- _Directions for this task_:
Find every line in the entries that holds the string "Jacket" and report it.

[Start of section]

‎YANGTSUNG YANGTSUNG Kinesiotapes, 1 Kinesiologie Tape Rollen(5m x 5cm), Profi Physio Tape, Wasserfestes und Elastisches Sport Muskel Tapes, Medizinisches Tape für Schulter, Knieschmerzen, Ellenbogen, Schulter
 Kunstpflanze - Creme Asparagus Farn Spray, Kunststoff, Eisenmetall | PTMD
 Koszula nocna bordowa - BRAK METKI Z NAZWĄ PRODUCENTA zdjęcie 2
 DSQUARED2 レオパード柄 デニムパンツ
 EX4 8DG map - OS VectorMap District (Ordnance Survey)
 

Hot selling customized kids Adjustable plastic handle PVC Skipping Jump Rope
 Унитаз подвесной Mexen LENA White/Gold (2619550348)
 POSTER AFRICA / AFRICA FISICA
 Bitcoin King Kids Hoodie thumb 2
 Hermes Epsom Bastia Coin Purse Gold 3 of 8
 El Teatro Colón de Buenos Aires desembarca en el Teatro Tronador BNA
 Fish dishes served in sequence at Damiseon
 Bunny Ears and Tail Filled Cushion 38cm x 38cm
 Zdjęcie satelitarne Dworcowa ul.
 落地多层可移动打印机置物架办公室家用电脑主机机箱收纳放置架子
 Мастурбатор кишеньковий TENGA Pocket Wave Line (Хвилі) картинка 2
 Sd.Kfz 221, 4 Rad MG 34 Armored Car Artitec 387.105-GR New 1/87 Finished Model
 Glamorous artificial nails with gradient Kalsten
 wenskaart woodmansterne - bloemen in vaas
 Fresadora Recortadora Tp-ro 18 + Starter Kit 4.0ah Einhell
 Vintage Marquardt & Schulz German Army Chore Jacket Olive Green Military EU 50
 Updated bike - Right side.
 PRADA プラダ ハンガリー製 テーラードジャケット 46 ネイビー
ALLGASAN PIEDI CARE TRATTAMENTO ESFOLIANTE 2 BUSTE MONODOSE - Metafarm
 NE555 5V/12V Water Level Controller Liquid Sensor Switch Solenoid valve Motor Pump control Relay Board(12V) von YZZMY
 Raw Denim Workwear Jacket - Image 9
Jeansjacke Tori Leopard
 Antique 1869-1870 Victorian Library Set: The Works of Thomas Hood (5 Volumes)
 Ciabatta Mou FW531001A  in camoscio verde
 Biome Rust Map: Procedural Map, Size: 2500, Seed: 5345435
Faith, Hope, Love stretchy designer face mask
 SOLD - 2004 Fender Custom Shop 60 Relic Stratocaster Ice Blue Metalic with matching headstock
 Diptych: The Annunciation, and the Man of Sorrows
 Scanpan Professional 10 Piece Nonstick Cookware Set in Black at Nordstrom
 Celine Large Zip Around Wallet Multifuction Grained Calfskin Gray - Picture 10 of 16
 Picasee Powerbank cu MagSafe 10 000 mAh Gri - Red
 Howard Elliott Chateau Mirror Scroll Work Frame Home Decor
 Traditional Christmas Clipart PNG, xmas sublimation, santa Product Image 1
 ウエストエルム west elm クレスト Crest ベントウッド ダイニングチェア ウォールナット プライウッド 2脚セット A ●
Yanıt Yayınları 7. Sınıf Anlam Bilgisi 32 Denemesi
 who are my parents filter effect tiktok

[End of section]

- _Task response_:
 Vintage Marquardt & Schulz German Army Chore Jacket Olive Green Military EU 50
 Raw Denim Workwear Jacket - Image 9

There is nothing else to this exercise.